An investigation is under way into allegations of sexual and physical violence toward indigenous women by police in Quebec.
The claims about Val-d’Or provincial police were exposed last year in a Radio-Canada report and involve indigenous women who said they were either forced or paid in cash or drugs to perform sex acts on uniformed male officers.
The alleged victims said that officers in the town northwest of Montreal routinely drove seemingly intoxicated women out of town and left them to walk home in the cold. One woman said an officer physically assaulted her in his police cruiser and left her alone on the highway after she refused to engage in sexual activity with him.
Bianca Moushoun told CBC that as recently as two years ago, officers paid her in cash or drugs to perform sex acts on them.
“We went to a road in the woods, and that’s where they would ask me to perform fellatio,” she said. “Sometimes they paid me in coke. Sometimes they paid me in cash, sometimes both.”
Carole Marcil, a Val d’Or bartender, alleged that as many as 30 women have had similar encounters and “show up with bumps, bruises, punches and burns.” It is not a force-wide problem but that there are several “bad apples” within it, she said.
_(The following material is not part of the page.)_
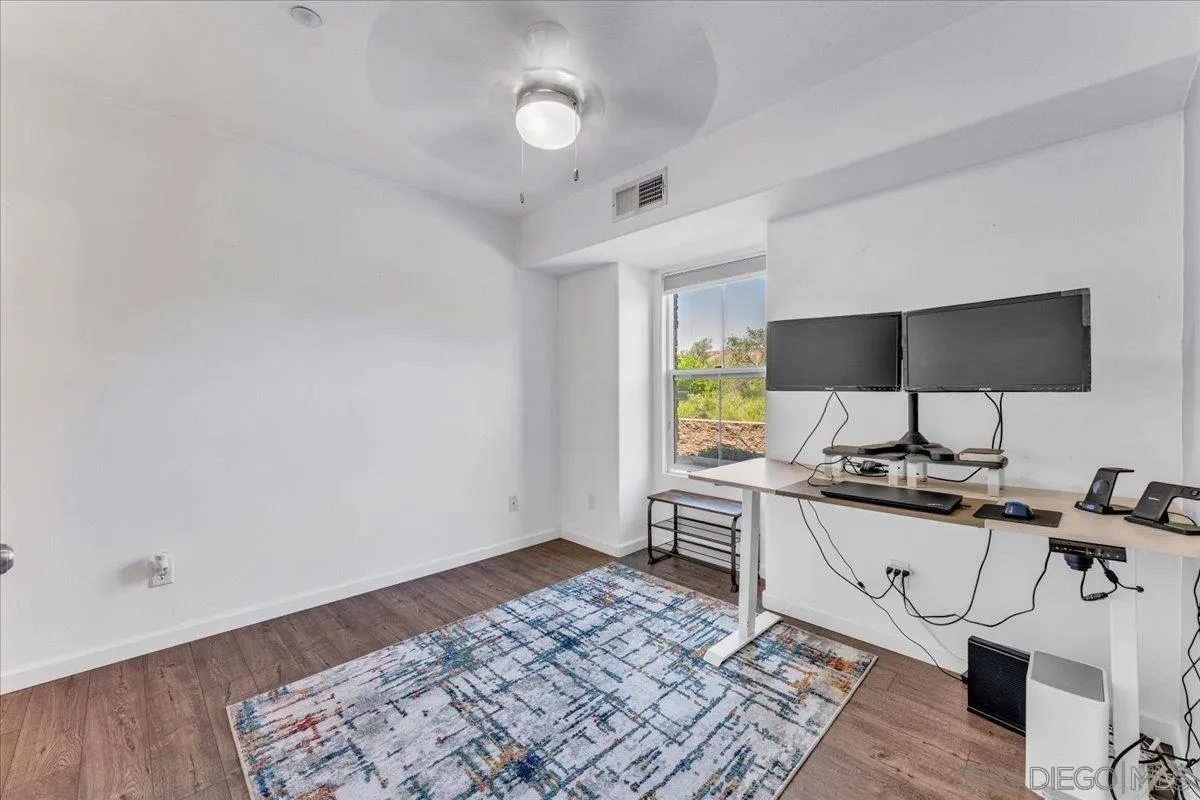 76 Via Sovana Santee, CA 92071 - Photo 21 of 34 a view of workspace with wooden floor outdoor view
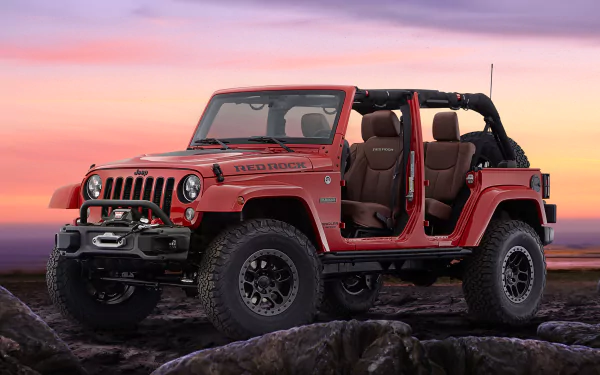 Red Jeep Wrangler off-road vehicle with doors removed, parked on rocky terrain against a colorful sunset — 2K Quad HD PC desktop wallpaper/background.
At a news conference following the investigation’s late October release, Surete du Quebec Capt. Guy Lapointe said the 14 allegations date back 10 years and that two involve sexual misconduct. Two other sexual assault allegations were made against a ninth officer, who is now dead, he said. Lapointe said that five of the faulted officers still working on the force had been suspended, while three others were switched to administrative work.
“I’ll just go as far as saying that we weren’t aware of all the allegations that were put forward in the report,” he told CBC News.
Montreal police are overseeing an internal investigation that will involve two indigenous officers, the provincial government recently announced. Quebec’s National Assembly has also launched its own probe, according to the CBC.
In the meantime, there have been efforts to improve safety for indigenous women, CBC reports.
All Val-d’Or police cruisers will now be equipped with cameras and occasionally social workers will ride alongside officers. The town is also funding more aboriginal housing and day shelters for the homeless.
The federal government recently launched its inquiry into the national crisis of missing and murdered indigenous women that is expected to address police. However, aboriginal and municipal leaders want to see a separate, provincial effort as well.
The Assembly of First Nations, the city of Val-d’Or and the Grand Council of the Cree are calling on Quebec to hold an independent public commission of inquiry on the relationships between police and First Nations.
“Make no mistake, we do not pretend to have solved the matter and [declared it] over,” Grand Chief Matthew Coon Come said in a news release on December 15.
Such reports are rampant nationwide, he said.
“Reports of abuse continue to come in from other regions, including Cree territory,” he said. “This is not just a Val-d’Or problem. It does not belong only to Val-d’Or. This is systemic. This belongs to everyone. Quebec must take position on these matters of public security.”